On the builder side, rbuilder v93 runs with reth + lighthouse, fanning to four relays in full mode with max_bid_eth=5.0: flashbots, titan, aestus, agnostic. Ultrasound and manifold are disabled due to past degradation. Eden was dropped after it started redirecting to titan. Bloxroute is commented out pending re-eval. The extra_data tag on landed blocks reads "MEV SearcherNet". A public dashboard at https://mev.advalorem.io streams all this in real time.

BuilderNet's Attribution Blind Spot

AdValorem's first question to BuilderNet is the most important for anyone building orderflow infrastructure: How does BuilderNet's redistribution math attribute value when the incoming transaction isn't a pre-packed bundle but a raw candidate from upstream monitoring? The value of a liquidation-adjacent transaction lives partly in its existence—the fact that someone watched the position and generated the candidate at all—not just the execution price. BuilderNet's current model treats origination, inclusion, and backrun-of-inclusion as a single event, which means the originator gets no credit if they don't also win the bid.

Two operational issues surfaced during the TEE-attested integration attempt: port 7936 refuses connections from AdValorem's box across all three published BuilderNet IPs, and the attested-get v0.1.9 client fails parsing the measurements payload with ".cannot unmarshal array into Go value of type multimeasurements.LegacyMultiMeasurements.". The measurements endpoint returns 35 entries spanning v1.0.0 to v1.6.0. Val is offering raw logs and traces.

DOWG and MEV-Share: Missing Standards

The Data on Orderflow Working Group has focused on builder-share-of-winning-blocks metrics (xof.pics, Barter). No standard exists for origination-side data: which borrowers are watched, by how many independent operators, with what staleness budget. AdValorem can publish anonymized snapshots of their 40,732-borrower coverage stream, but they want to know if DOWG wants that schema before publishing into the void.

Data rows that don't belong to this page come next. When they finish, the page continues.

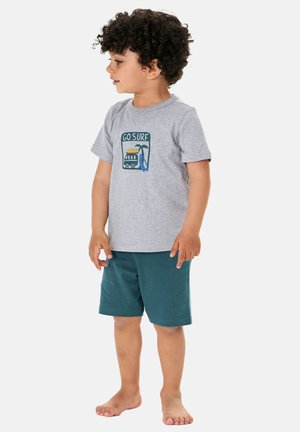 Young boy with curly hair wearing gray "Go Surf" t-shirt and teal shorts, standing barefoot and looking to the side against a white background.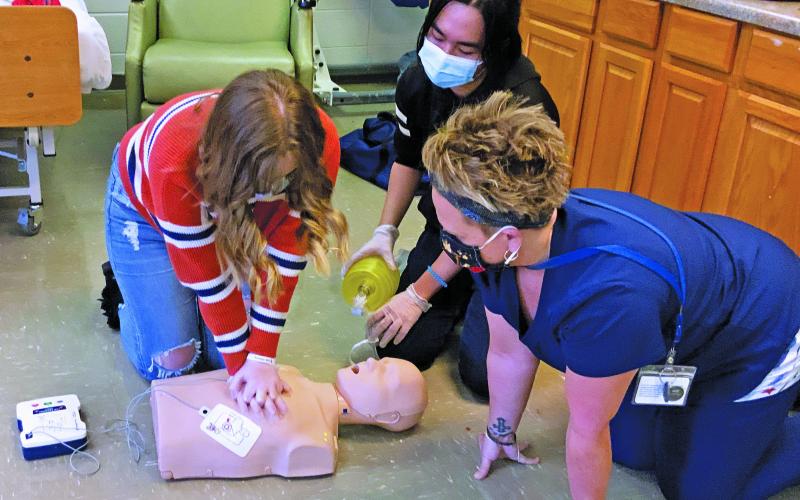 Shannon Tipton of Hospice, Palliative and CAP of the Blue Ridge looks on as Mitchell High School students perform adult and infant CPR. Tipton helped 35 students earn their CPR certification through hands-on training and testing. (Submitted)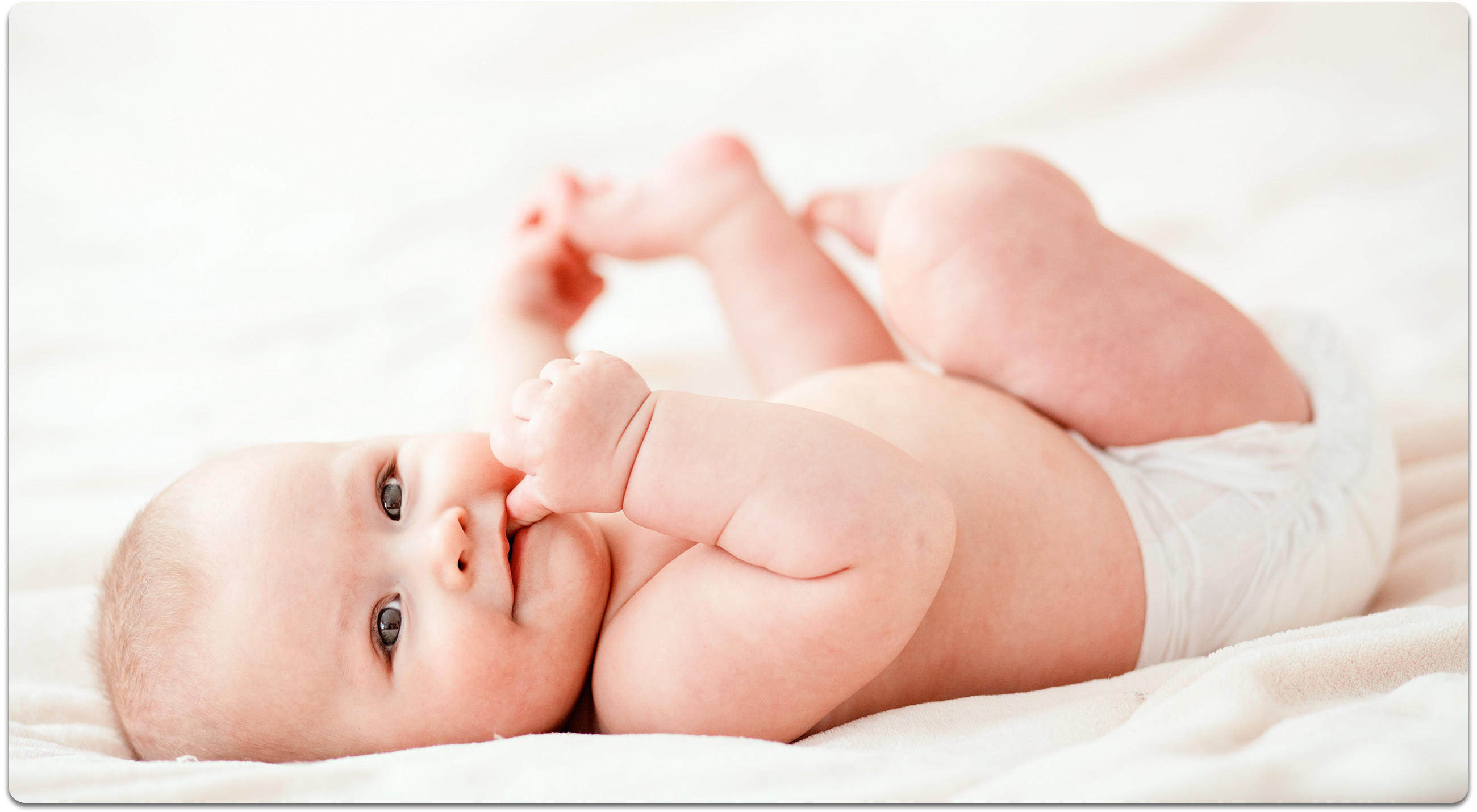 Baby in Windel liegt auf heller Decke und hält die Füße mit den Händen.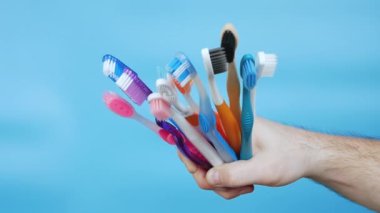  Different toothbrushes in a man's hand on a blue background. A set of multi-colored toothbrushes in a male hand. Oral hygiene concept. Care for bugs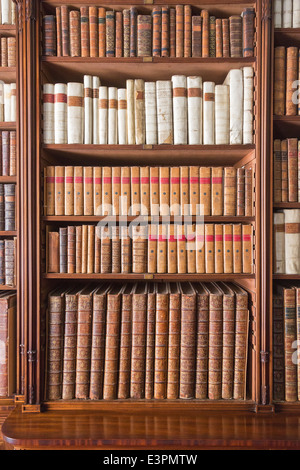 Antiquarische Bücher aufgereiht und fein säuberlich auf Bücherregale in Bibliothek an Tatton Park, Cheshire, UK Stockfoto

MEV-Share was designed as a backrun substrate for swap orderflow. AdValorem's third question hits the practical constraint: Has anyone used MEV-Share hints to backrun liquidation transactions? The hint-to-bundle latency budget against oracle updates is tight. The hint schema may not expose enough position-level context to identify a candidate as liquidation-relevant before constructing a backrun. Hint volume versus usable hint volume for non-swap categories is totally opaque.

AdValorem isn't asking for a partnership, capital, or program inclusion. Three technical questions, in public, because the answers determine whether liquidation-originated orderflow gets properly rewarded or stays as a subsidized input to someone else's block. If BuilderNet can't answer these attribution questions, the liquidation orderflow network—and others like it—will remain on the sidelines, and the block-building game stays a bid-value arms race with no credit for origination.


This article is based on a post by Val / AdValorem on the Flashbots collective forum. All numbers and URLs are quoted directly from the source.